| Listed records |
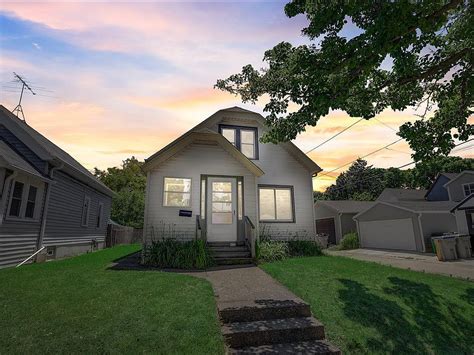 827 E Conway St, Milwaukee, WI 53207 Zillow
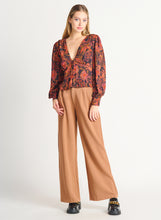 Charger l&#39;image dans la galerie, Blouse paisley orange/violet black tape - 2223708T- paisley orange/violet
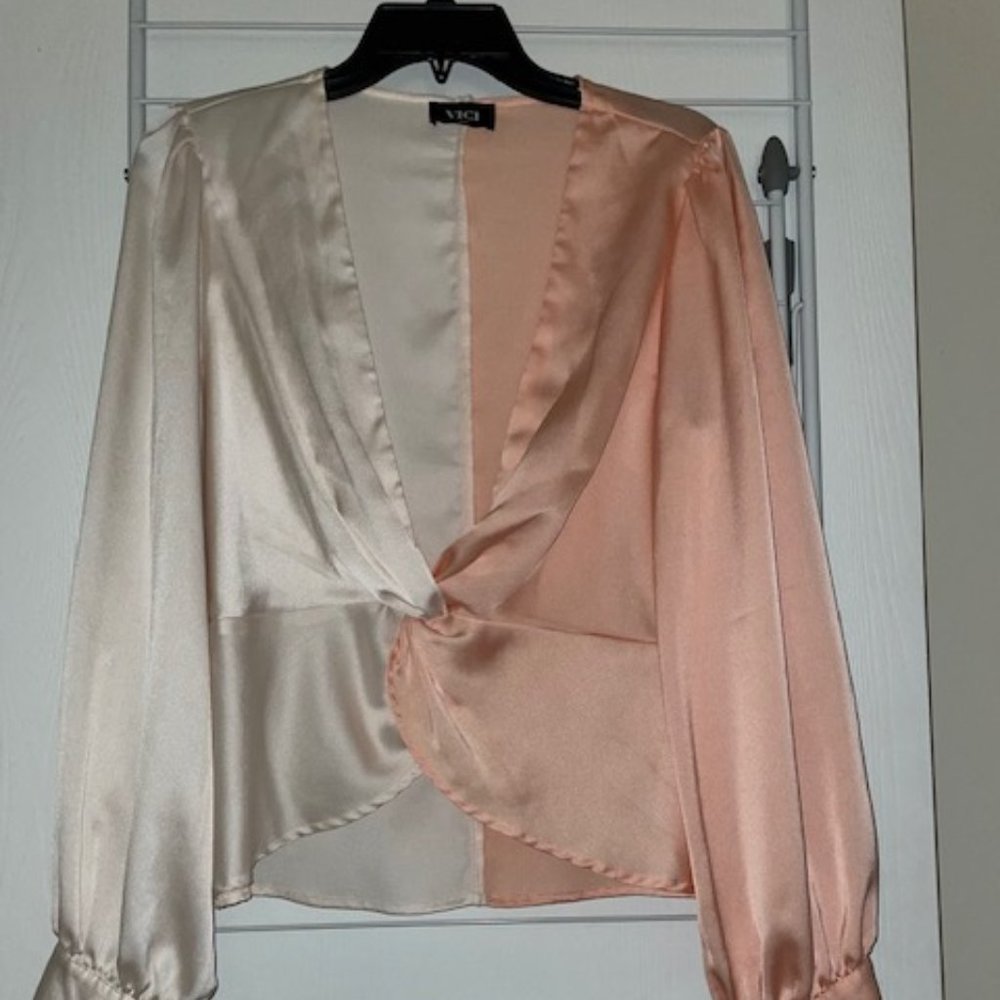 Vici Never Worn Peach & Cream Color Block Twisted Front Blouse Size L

==

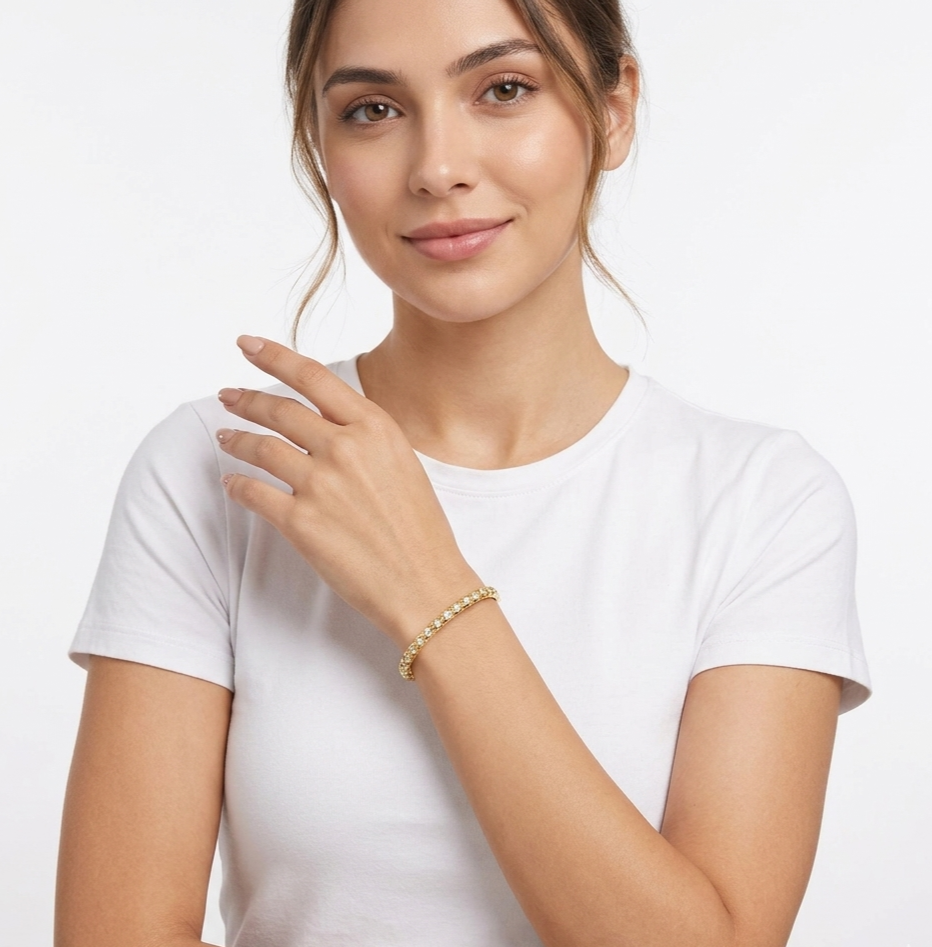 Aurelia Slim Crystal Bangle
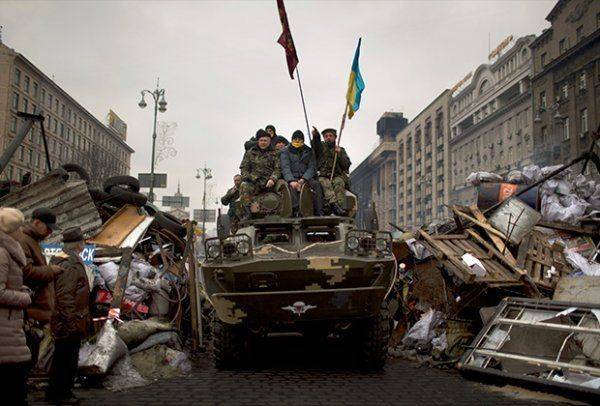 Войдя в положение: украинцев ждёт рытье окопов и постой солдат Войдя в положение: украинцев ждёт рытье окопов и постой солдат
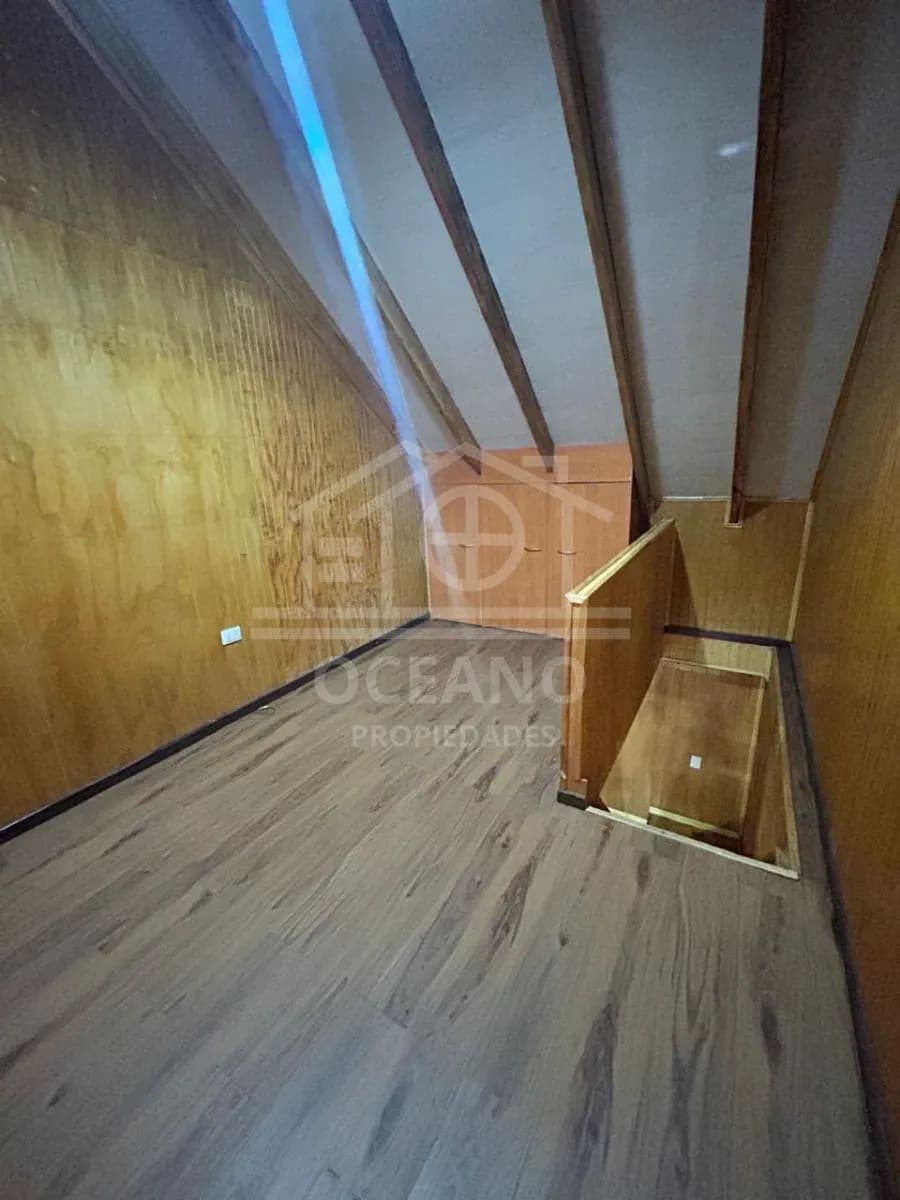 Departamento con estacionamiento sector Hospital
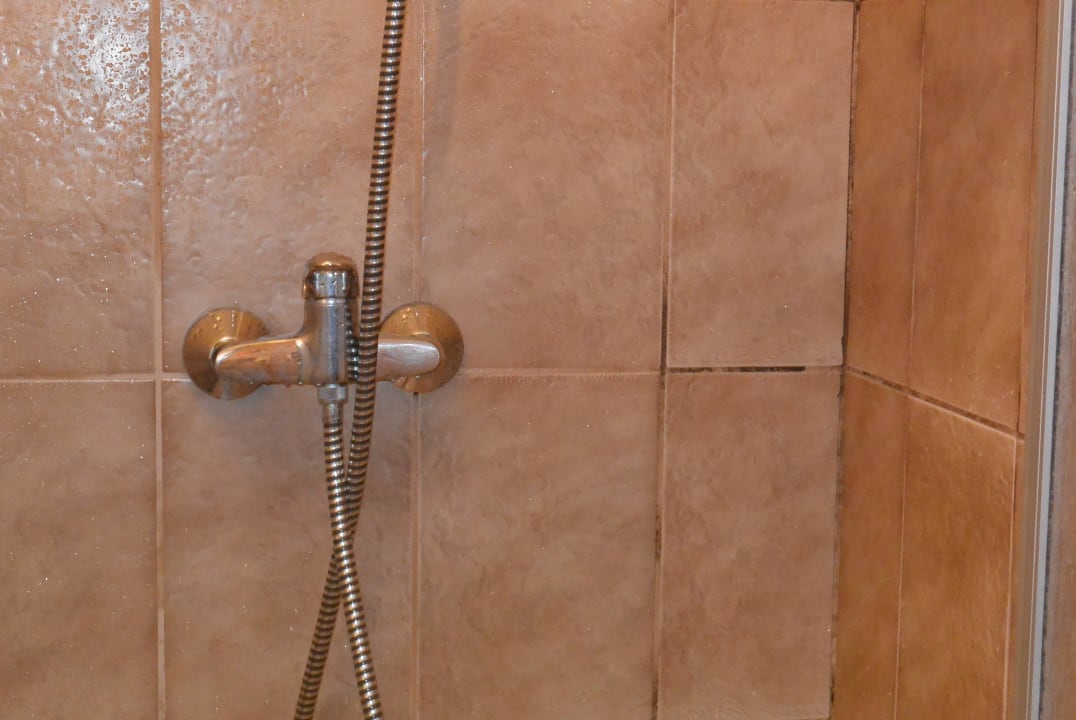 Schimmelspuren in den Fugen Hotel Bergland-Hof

| What the task asks |
Skipping every picture, transcribe exactly the lines above from the one containing "постой солдат Войдя" through the one containing "Schimmelspuren in den", both included.

| Problem solution |
 Войдя в положение: украинцев ждёт рытье окопов и постой солдат Войдя в положение: украинцев ждёт рытье окопов и постой солдат
 Departamento con estacionamiento sector Hospital
 Schimmelspuren in den Fugen Hotel Bergland-Hof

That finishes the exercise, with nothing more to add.